■ **ASSIGNED TASK**: Starting at the line containing "兔卡扣商标原图 第25类服装鞋帽" and ending at the line containing "Serum Dưỡng Thể", print every line of the material below exactly, both ends included, and stop there.

■ **DATA TO PROCESS**:

-=-=-

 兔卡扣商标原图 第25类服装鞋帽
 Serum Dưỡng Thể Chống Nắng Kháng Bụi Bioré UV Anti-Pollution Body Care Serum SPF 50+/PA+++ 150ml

-=-=-

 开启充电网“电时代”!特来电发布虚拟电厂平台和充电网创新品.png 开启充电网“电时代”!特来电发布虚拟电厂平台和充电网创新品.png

-=-=-

■ **REPLY TO THE TASK**:
 兔卡扣商标原图 第25类服装鞋帽
 Serum Dưỡng Thể Chống Nắng Kháng Bụi Bioré UV Anti-Pollution Body Care Serum SPF 50+/PA+++ 150ml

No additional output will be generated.